IL RISCATTO
DEL PAESAGGIO

Quando si è autoritratto, l’artista romantico ha preferito rappresentarsi nella sua emarginazione e solitudine, come Tommaso Minardi nella sua soffitta “bohémienne” o Hayez davanti a un’emblematica gabbia con due belve, o ancora il grande paesaggista Caspar David Friedrich, raffigurato da Georg Kersting come se fosse lui stesso un animale solitario e selvaggio, autorecluso in uno studio spoglio e monacale, illuminato solo da un’alta finestra che lascia intravedere il cielo, ma non il paesaggio.

Quello straordinario paesaggio tedesco, le favolose foreste e le marine sconfinate del Nord, che Friedrich è stato il primo a rappresentare, rifiutandosi di scendere in Italia a contemplare quei paesaggi mediterranei che, tra Sei e Settecento ma anche adesso nell’Ottocento, erano stati e continuavano a essere il soggetto privilegiato dei pittori specializzati in questo genere, naturalmente richiesto dai viaggiatori del Grand Tour.

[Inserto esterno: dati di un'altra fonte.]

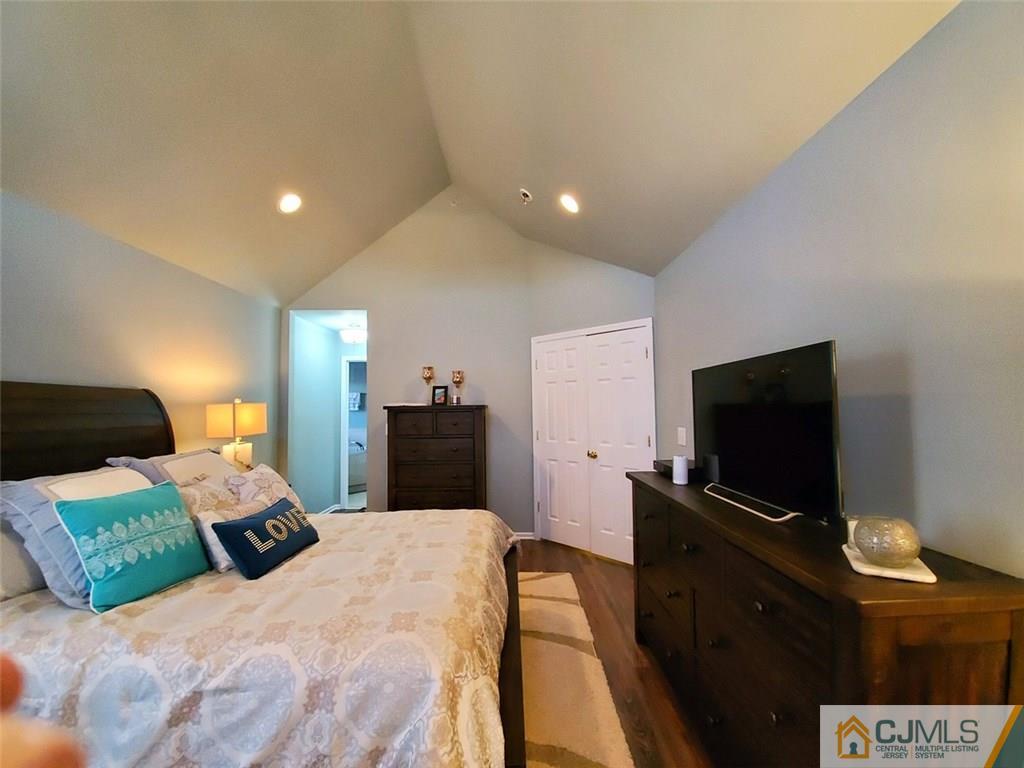4 Raritan Reach Road, Unit 1002 South Amboy, NJ 08879 - Photo 7 of 19 a bedroom with a bed and a flat screen tv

Con capolavori discussi e oltraggiati dai conservatori, che lo consideravano un pazzo - e lui stesso sembrò alimentare il mito romantico dell’affinità tra arte e follia - sconvolse le regole di un genere che stava divenendo, insieme al ritratto, quello sicuramente più richiesto dal mercato e dai collezionisti. Bisogna infatti considerare che alle esposizioni i grandi dipinti storici, anche se rappresentavano le opere più ammirate e discusse, erano in realtà in netta minoranza, dato che i nuovi ricchi preferivano questi generi più abbordabili e più facili da inserire negli spazi domestici ora ridimensionati a misura d’uomo.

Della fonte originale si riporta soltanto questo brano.